Queste sono le precise indicazioni ministeriali. Ciò desta non poche perplessità. Ai fini della ipotizzata rivalutazione si deve necessariamente fare una perizia, che dovrà riferirsi ad un’area, non ad un fabbricato. Il valore sarà quello dell’area. E se poi chi acquista non dovesse demolire e si tenesse il fabbricato? Nella perizia si dirà che c’è un fabbricato, che è censito in catasto e che è in regola da un punto di vista urbanistico, ma lo si valuterà in base alla volumetria edificabile in ipotesi di demolizione.

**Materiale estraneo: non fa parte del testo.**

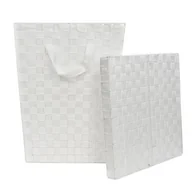 Kosze na bieliznę - Kosz na pranie Modena biały - miniaturka - grafika 1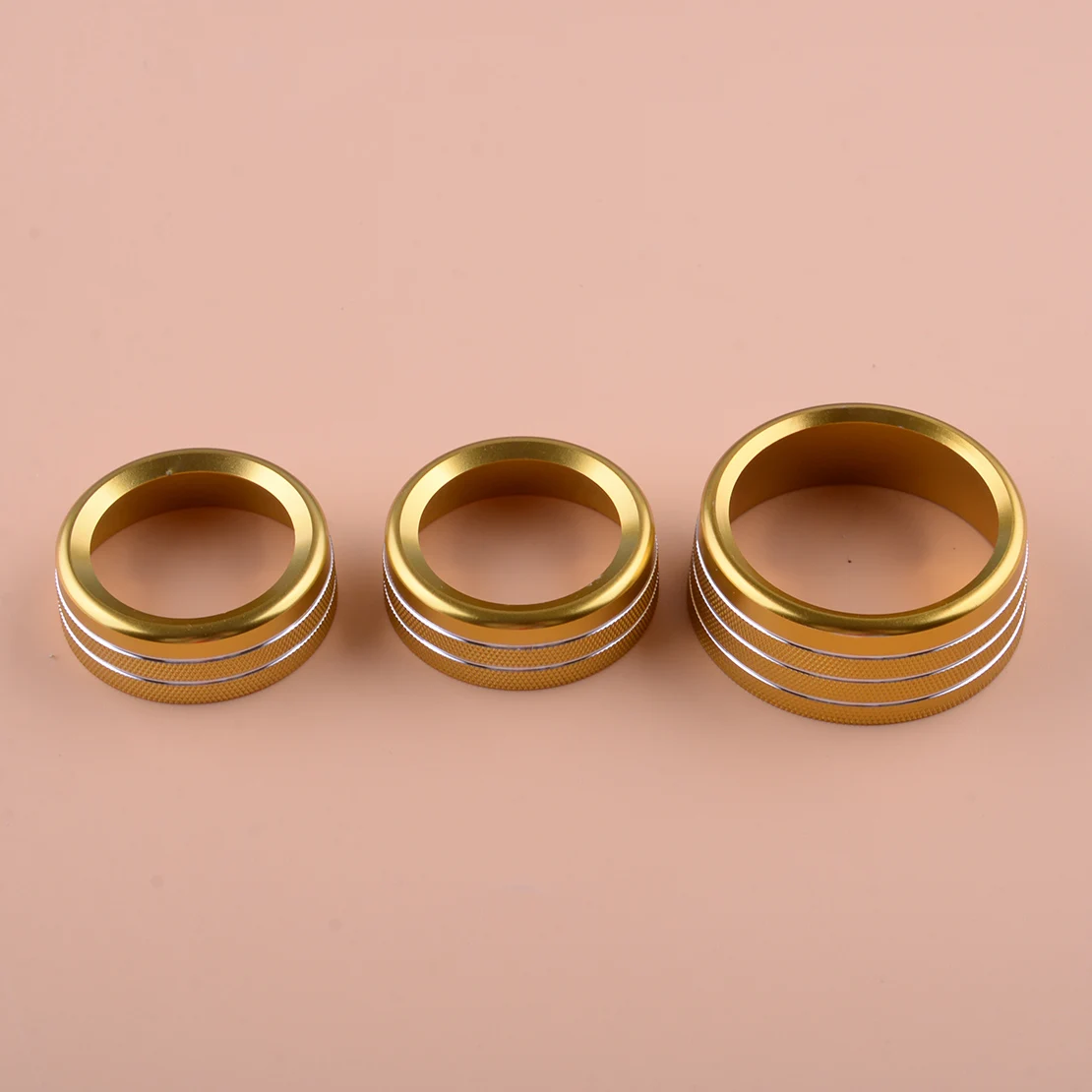 

3 шт./компл. центральная консоль A/C, ручка радиопереключателя, отделочное кольцо, крышка, алюминиевый сплав, золото, подходит для Dodge Ram 1500, 2013, 2014, 2015-2017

Un po’ più complicato il caso in cui l’iter amministrativo non sia ancora concluso, come accadrebbe, ad esempio, ove l’immobile non fosse ancora compreso in un piano di recupero. Ne è ipotizzato l’inserimento, ma il bene che si vorrebbe appunto abbattere è ancora una costruzione. In questo caso, sempre letteralmente, nemmeno si potrebbe effettuare la rivalutazione, a meno che non si facesse un ulteriore salto logico: dire che si tratta di area, ma solo futura. La questione appare un po’ ingarbugliata, ma l’applicazione della tesi ministeriale dovrebbe ciò consentire, o meglio non se ne ravvisa contrarietà alcuna: la logica è già stata superata.
Ove in questo caso specifico non dovesse essere ammessa tale rivalutazione, cosa potrebbe accadere? Dovrebbe essere restituito quanto versato, se si affermasse che si tratta di fabbricato che è diventato area solo successivamente? Oppure, sempre escludendo la possibilità di effettuare la rivalutazione, considerare tassabile tutta la plusvalenza e detrarre, ai fini delle imposte dirette, quanto già versato? Ma ciò non è ammesso da alcuna disposizione.
4. La nostra critica
Analizziamo l’interpretazione ministeriale data dalla ris. n. 395/E del 2008. L’Amministrazione finanziaria, nella sua impostazione, fa un salto logico, e non è, a nostro avviso, legittimata a farlo.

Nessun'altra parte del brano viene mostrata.